Obviously this is a real oversight and I am here to fill the void.
So here is everything you can do to NOT be organized this school year….
Leave everything that comes home from school in a big pile and hope it sorts itself out.
Every time someone mentions color coded folders, do a whisky shot.
Don’t open any emails from the school or your children’s teachers.
When the teacher asks why you never signed up for a conference, just say, “If a conference is meant to be, it will be.”
Instead of checking your kids’ homework, just assume they completed everything to their highest potential.
When it comes to your kids’ after school schedule, write nothing down and just wing it.
Laminate everything – their backpacks, their school uniforms, their shoes. If you are feeling extra ambitious, laminate their beds and desks too.

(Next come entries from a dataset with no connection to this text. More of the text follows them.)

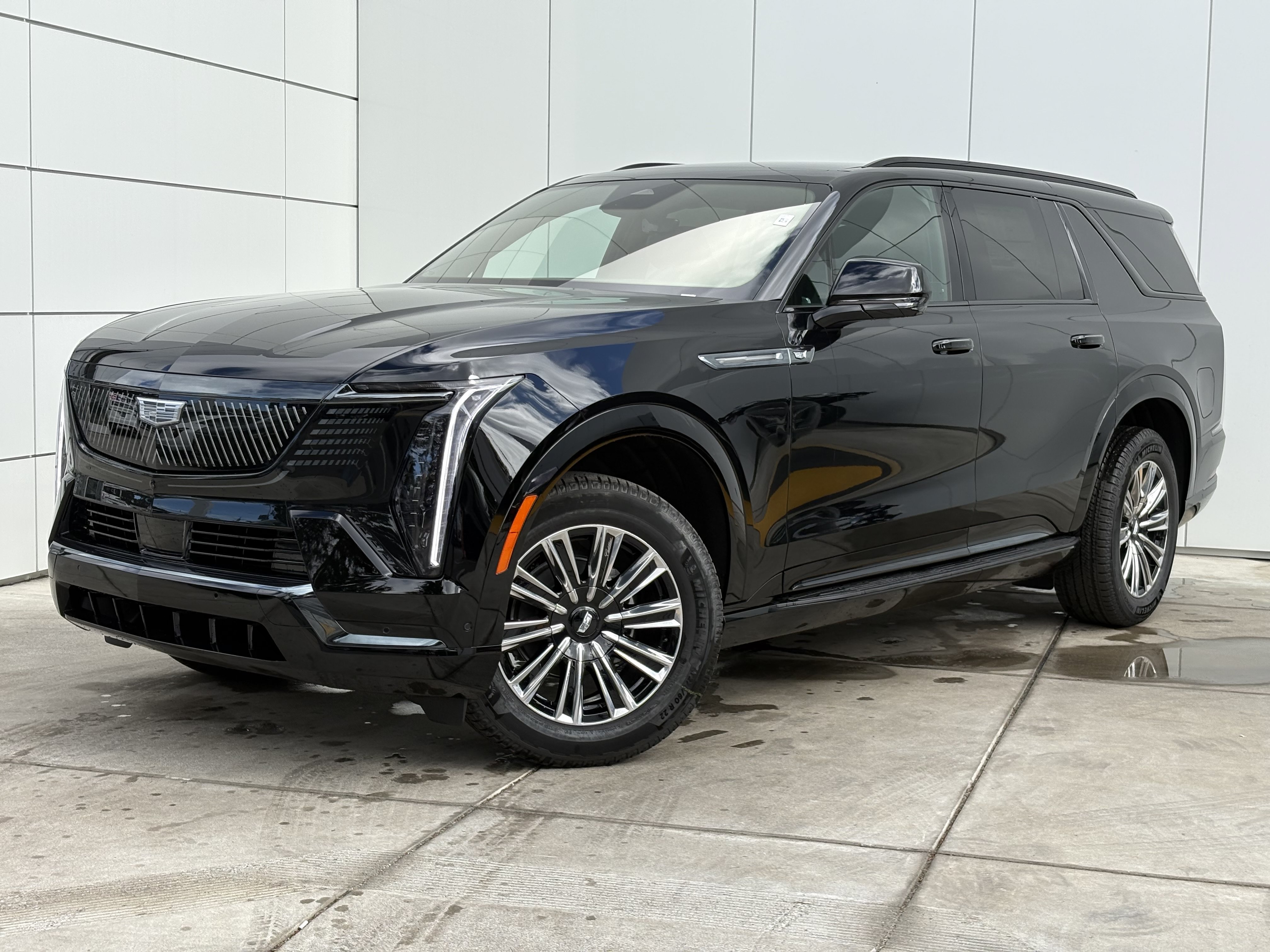 New 2026 Cadillac Escalade IQL Sport 1 AWD/4WD image 2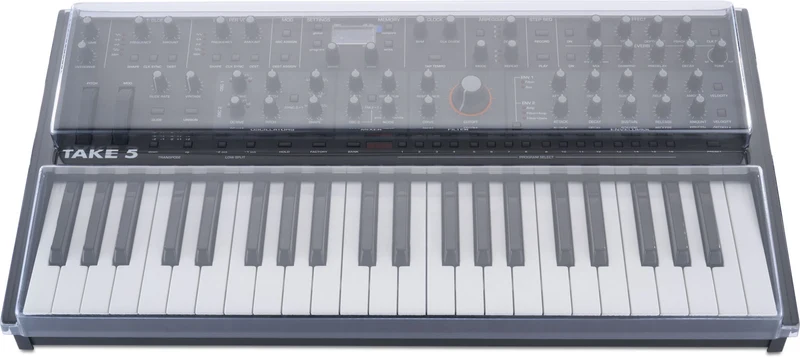 Sequential Take 5 & Oberheim Teo 5 Cover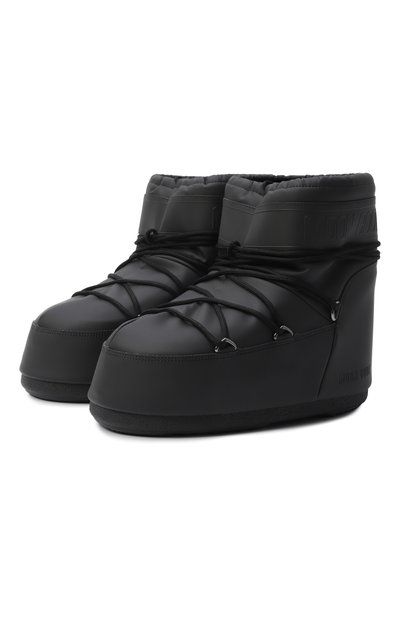 Мужские сапоги icon low MOON BOOT, арт. 80D1409380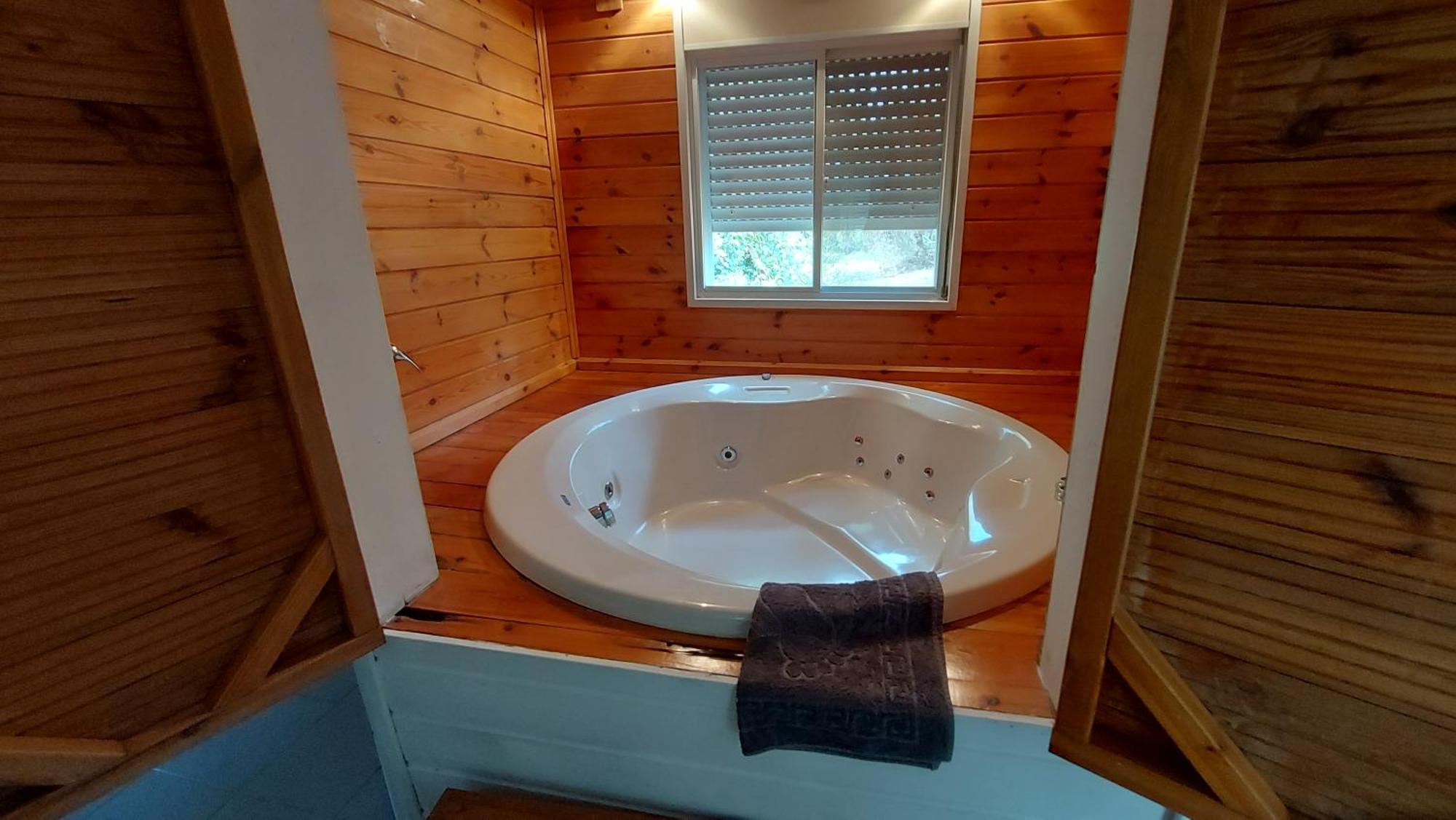 Pundak Guesthouse 모샤브레메트 외부 사진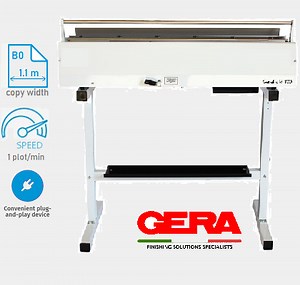 Manual paper folding machine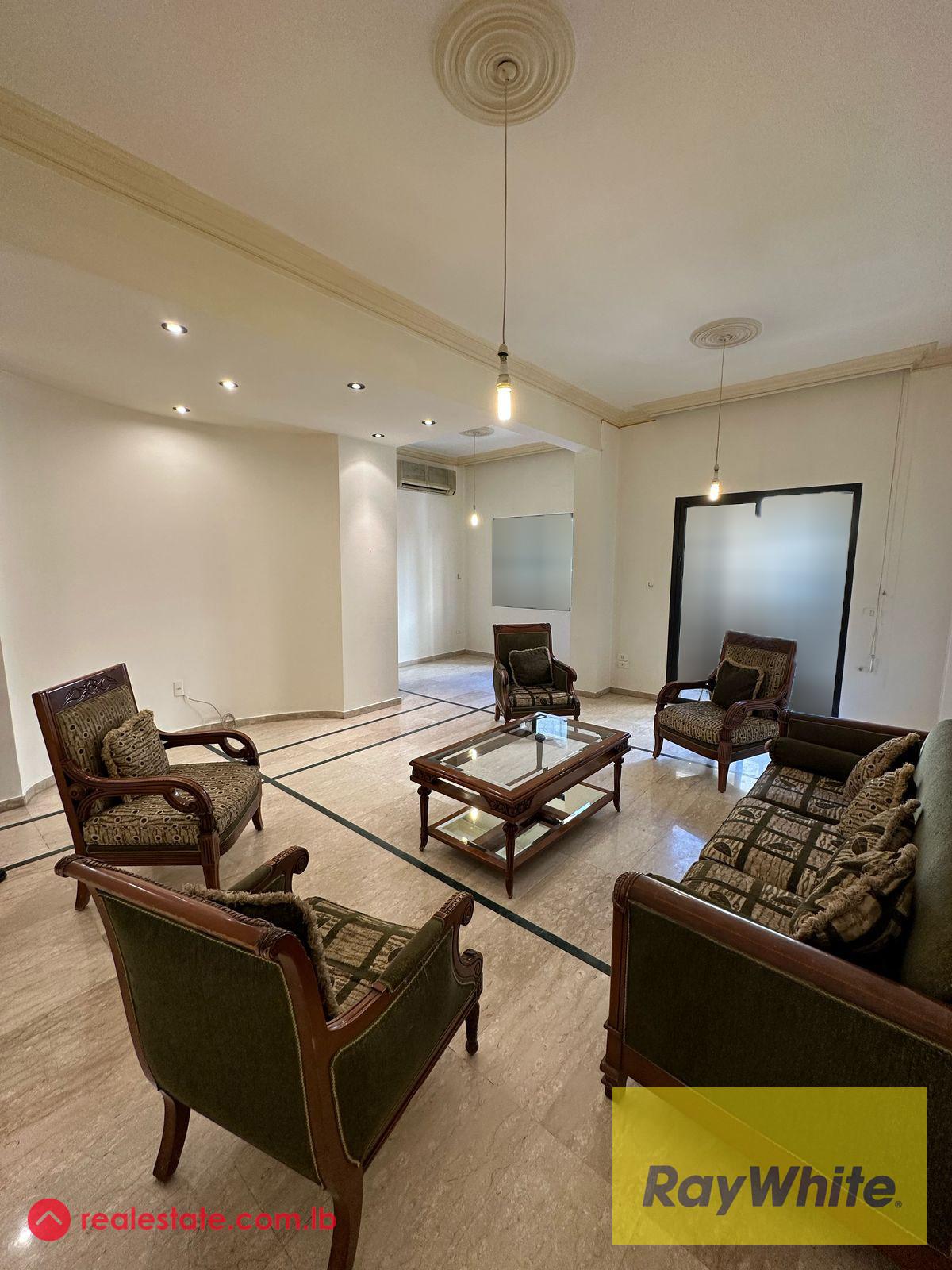 Apartment for Rent in Achrafieh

Never refer to a calendar and always just say, “Sure! I’ll be there!” every time someone asks you to volunteer.
When they ask why you didn’t show up to volunteer, just say, “I was there! You didn’t see me? I was completely there. I saw you. You didn’t see me?”
Get hooks with their names on them but never hang up the hooks.
Prepare nothing the night before school so you can frantically be packing lunches, fixing hair and making breakfast – all why screaming, “We’re running late! Everyone hustle!! We’re late!!”
Keep 385 unsharpened pencils in your house and 1 sharpened one whose location is unknown.